Frank then returned for a morning of symmetry, talking about compatibility requirements. He talked about the historical situation, starting from Knuth’s introduction of TeX and taking us through the development of LaTeX, PDF support and Unicode engines. He then moved on to look at the LaTeX2e approach to compatibility, starting with the 1994 approach, fixltx2e. He explained how that was intended to work, and why it didn’t. The new approach, latexrelease, tackles the same problems but starts with the idea that it applies to both the kernel and to packages. Frank covered the idea of rollback in packages, and how this works at the user and developer levels. Frank finished off with some thoughts about the future, and the fact that most new users probably pick up these ideas without issue.

After lunch

Our conference Chair, Paulo Ney de Souza, took the first slot after lunch to speak about how he’s approached a major challenge, managing the abstracts for the upcoming ICM2018 meeting. His talked ranged over topics such as citation formatting, small device output, production workflows and dealing with author preambles. He covered the wide range of tools his team have assembled to automate PDF creation from a heterogeneous set of sources. His wide-ranging talk was a tour de force in automated publication.

After a brief break, we moved to Tom Hejda (who TeX-sx users know as yo’), on his tool yoin. He explained that his current workflow for producing journal issues is currently a mix of a range of tools, and this is likely not long-term sustainable. He then moved to showing how yoin can be used to compile both the master file for an issue and, as required, each article within it.

The last talk of the day was from Joachim Heinze, formerly of Springer. He talked about journal publishing, and how online accessibility of publications has changed the landscape for publishers. He gave an entertaining look into this world, posing the question ‘Where is the information we have lost in data?’.

With the formal business done, some of the group remained at IMPA for a workshop on R and Knitr, led by Boris Veytsman. Later, we all met up again for the conference dinner at Rubaiyat Rio.

TUG2018: Day one

Most of the foreign delegates for TUG2018 met up by last night at the conference hotel, and chats over breakfast continued. Then it was down to the minibus to head to the venue, IMPA.

Opening session

After a brief introduction from the conference chair, Paulo Ney de Souza, the floor was handed to Roberto Ierusalimschy to start us with a bang: an overview of Lua development. He gave us an insight into how Lua grew from early beginnings, and how it got picked up by games developers: a really big part of Lua’s importance. He then gave us an insight into the two key aspects of Lua’s success: the ability to embed and extend the language. That’s led to Lua being embedded in a range of applications, particularly games but also devices as varied as cars and routers. We had a lively question session, ranging from Unicode support to what might have been done differently.

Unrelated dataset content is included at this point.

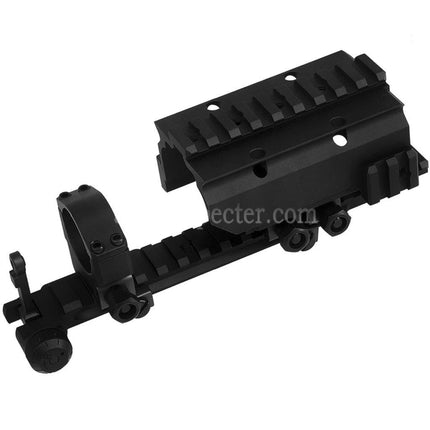 CYMA CGS KXC Style NADS Montage Rail Latéral Supérieur avec Rehausseur 556 Viseur Arrière 300M pour Rail Picatinny de 20mm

We then moved on to Eduardo Ochs, talking about using Lua as a pre-parser to convert ‘ASCII art’ into complex mathematical diagrams. He explained the pre-history: the origin of the ASCII art as comments to help understand complex TeX code! After a summary of the original pre-processor, he showed how using Lua(TeX), the processing can be done in-line in the file with no true pre-processing step. He showed how this can be set up in an extensible and powerful way.

Morning post-coffee

After the coffee break (plus cake), we reconvened for three talks. Mico Loretan started focussing on his package selnolig. He started by showing us examples of ‘unfortunate’ ligatures in English words, and how they can appear when suppressed by babel and by selnolig. He then focussed in on the detail: what a ligature is, why they are needed and how different fonts provide them. He moved on to detail why you need to suppress ligatures, in particular where they cross morpheme boundaries. Mico then gave us a very useful summary of how the linguistics work here and how they need to link to typography. After showing us the issues with other approaches, he moved on to detail of how selnolig uses LuaTeX callbacks to influence ligatures ‘late’ in processing. His rule-based interface means that ligatures can be suppressed for whole classes of words.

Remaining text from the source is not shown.